The Android operating system accounted for 79 percent of all malware
infections on smartphones, and the threat is multiplying, a security
firm said Thursday.
Finland-based F-Secure said in a report that the free Google operating system, which has been gaining smartphone market share globally, has become the dominant platform targeted by hackers.
Finland-based F-Secure said in a report that the free Google operating system, which has been gaining smartphone market share globally, has become the dominant platform targeted by hackers.
"Every quarter, malware authors bring forth new threat families and
variants to lure more victims and to update on the existing ones," the
F-Secure quarterly report said.
"In the fourth quarter alone, 96 new families and variants of Android
threats were discovered, which almost doubles the number recorded in
the previous quarter."
The only other platform with any significant share of malware was
Symbian, the system dropped by Nokia, which F-Secure said accounted for
19 percent.
Other major platforms including Apple's iOS, BlackBerry and Windows
Phone each had less than one percent of mobile phone infections.
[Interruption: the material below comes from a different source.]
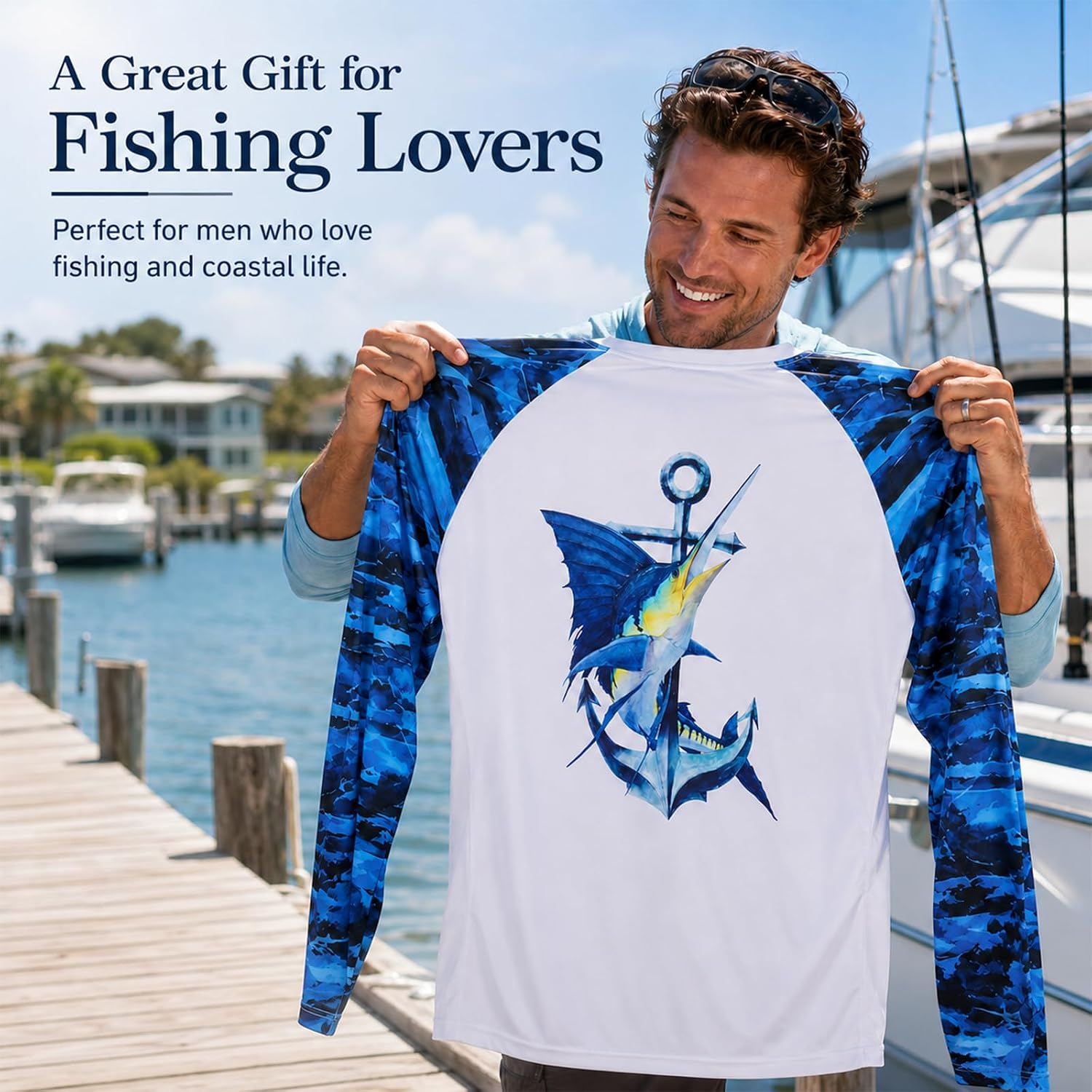Palmyth Fishing Shirts for Men Long Sleeve UPF 50+ Quick-Dry T-Shirts image 2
"Blackberry, iOS, Windows Mobile, they may see some threats popping
up once in a while. But most likely, the threats are intended for
multiple platforms," the report noted.
F-Secure said some of the threats included "shady SMS-sending
practices" that can sign up victims to an SMS-based subscription
service.
Other malware includes banking trojans, designed to steal passwords
for online accounts and transfer money from the victims' accounts.
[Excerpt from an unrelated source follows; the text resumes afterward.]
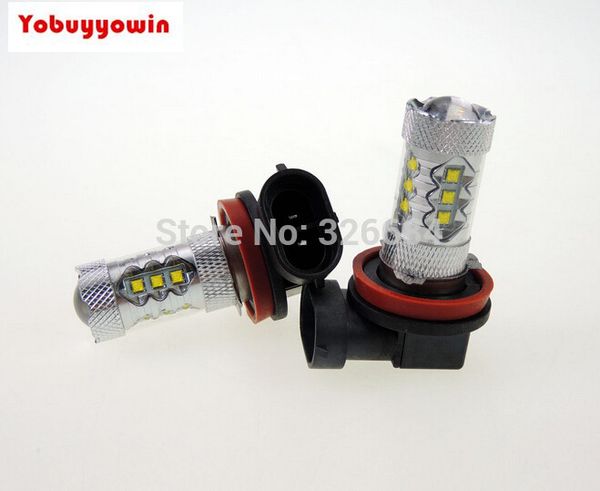 

2pcs new h9 pgj19-5 80w fog lamp cree chips led bulbs daytime brake head tail light car driving drl 12v 24v white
One of these, called Eurograbber, came as a PC virus but tricked
users into installing a version on their mobile device, and has been
linked to the theft of $47 million from European customers, F-Secure
said.
The report said Android malware has outpaced its share of the overall
market. While its market share rose to 68.8 percent in 2012, its
malware share rose to 79 percent from 66.7 percent the previous year.